Toute personne, dans les processus qu’elle met en œuvre pour réaliser son adaptation permanente au monde, pense, ressent, agit. C’est un principe général, vous le savez bien. Et si penser, ressentir, agir forment les trois sommets d’un triangle, ces sommets sont inscrits dans une logique circulaire. Chacun d’eux activé en premier, déclenche les deux autres. On peut parcourir le triangle dans n’importe quel ordre.

Notre éducation, dans les pays européens et anglo-saxons en tous cas, Descartes et Pascal y sont pour quelque chose, a rejeté le « ressentir » de la sphère noble des activités de l’esprit humain. « Je pense, donc je suis. » a bien dit l’un des deux.

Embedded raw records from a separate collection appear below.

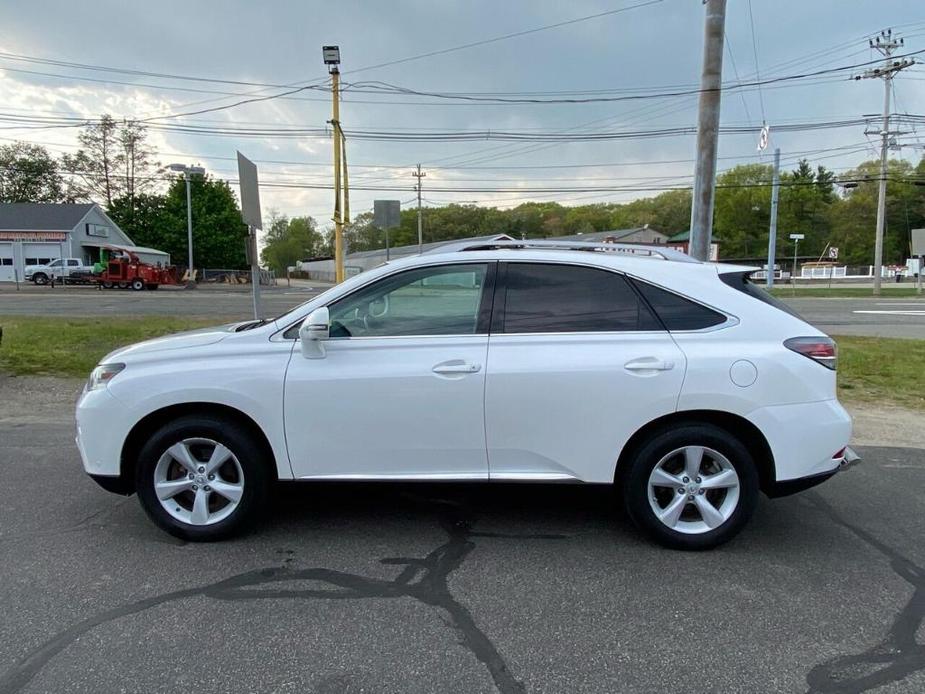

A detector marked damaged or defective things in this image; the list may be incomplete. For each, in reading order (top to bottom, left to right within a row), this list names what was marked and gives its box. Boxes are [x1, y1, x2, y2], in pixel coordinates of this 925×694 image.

crack in pavement [0, 494, 564, 694]
crack in pavement [804, 494, 920, 694]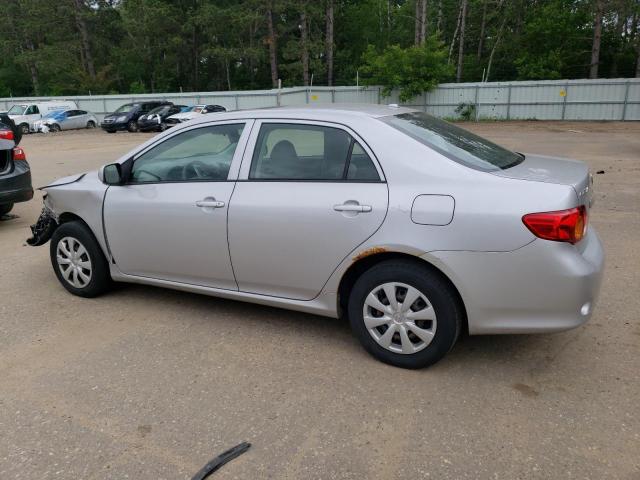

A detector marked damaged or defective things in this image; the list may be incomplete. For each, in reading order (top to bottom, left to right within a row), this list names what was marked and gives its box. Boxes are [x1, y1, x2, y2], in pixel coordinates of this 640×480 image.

crumpled front bumper [26, 204, 57, 246]
front fender damage [26, 204, 57, 246]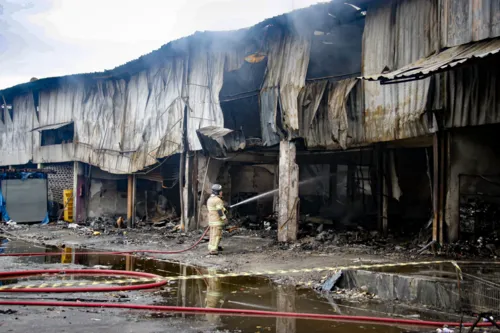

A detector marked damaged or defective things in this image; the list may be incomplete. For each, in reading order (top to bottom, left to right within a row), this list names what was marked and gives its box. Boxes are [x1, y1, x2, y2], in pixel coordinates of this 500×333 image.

broken window [41, 122, 74, 145]
burned warehouse [0, 0, 498, 246]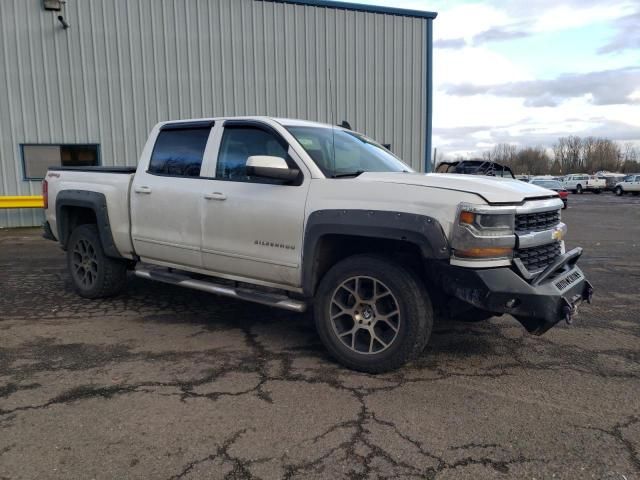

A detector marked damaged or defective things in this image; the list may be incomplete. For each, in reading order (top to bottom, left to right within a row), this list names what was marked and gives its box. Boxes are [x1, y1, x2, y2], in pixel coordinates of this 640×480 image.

cracked asphalt pavement [0, 193, 636, 478]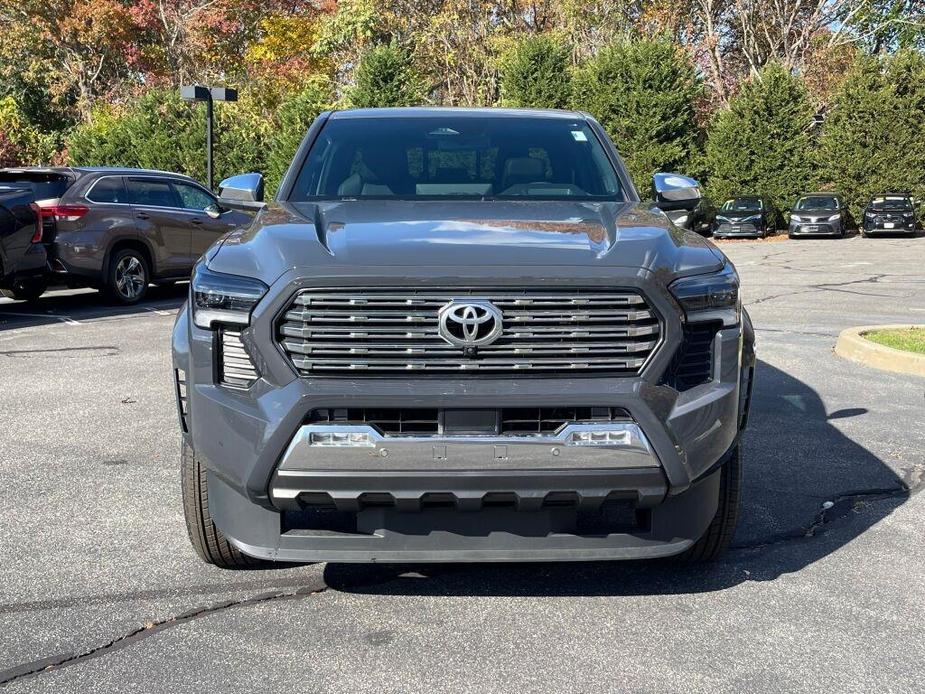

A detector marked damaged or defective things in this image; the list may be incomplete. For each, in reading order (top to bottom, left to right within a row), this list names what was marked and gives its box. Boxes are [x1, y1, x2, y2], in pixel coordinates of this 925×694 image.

crack in asphalt [0, 580, 326, 692]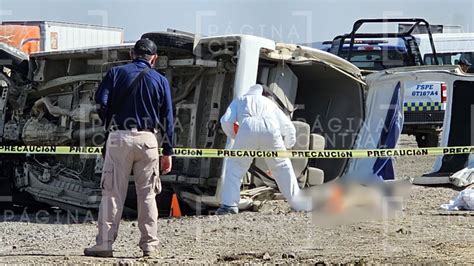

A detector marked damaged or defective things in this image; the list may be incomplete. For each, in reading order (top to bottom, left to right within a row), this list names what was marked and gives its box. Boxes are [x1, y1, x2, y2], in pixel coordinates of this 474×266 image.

crashed van [0, 31, 404, 214]
overturned vehicle [0, 31, 404, 214]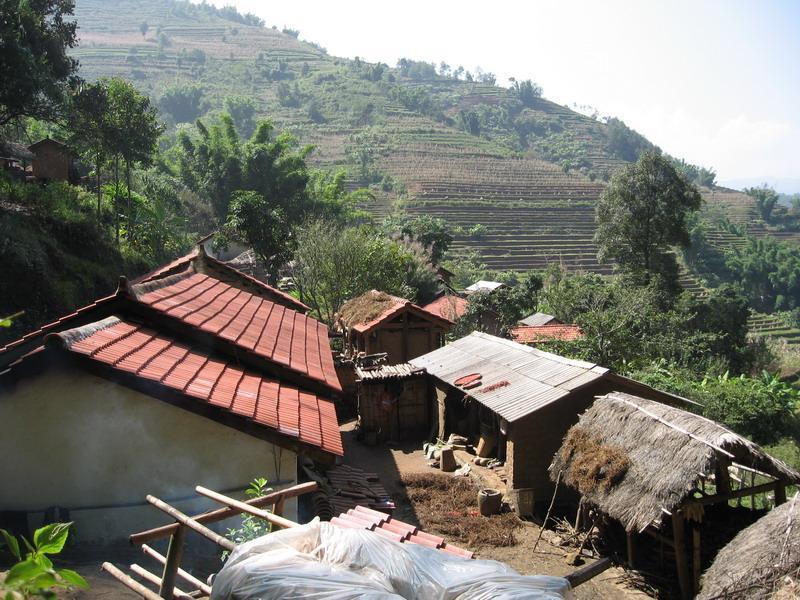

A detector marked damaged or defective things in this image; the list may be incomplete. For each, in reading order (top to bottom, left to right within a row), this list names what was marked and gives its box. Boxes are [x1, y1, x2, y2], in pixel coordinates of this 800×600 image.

Le siècle des Lumières a suivi, donnant le primat à la tête, symbolisée par l’Aigle au regard perçant, occupant l’espace en altitude, et par la tête du Sphynx, siège de la pensée, prolongée dans l’action par les bras et les jambes, organes subordonnés du faire. Dans la monumentale statue égyptienne du Sphynx, minéral immobile et sans vie, bras et jambes sont plaqués au sol, faisant corps avec lui plus qu’avec le Sphinx auquel ils appartiennent. Seule la tête est fièrement dressée et l’œil perçant. Et ceci au détriment du cœur, le Lion, et du ventre, attribut du Taureau. Le cœur, symbole du courage, le Lion, est aussi habité par les sentiments que l’on réserve souvent au genre faible, la femme. Le second, le Taureau, est investi par les sensations et les pulsions, domaines tabous du Faune autant que du Taureau.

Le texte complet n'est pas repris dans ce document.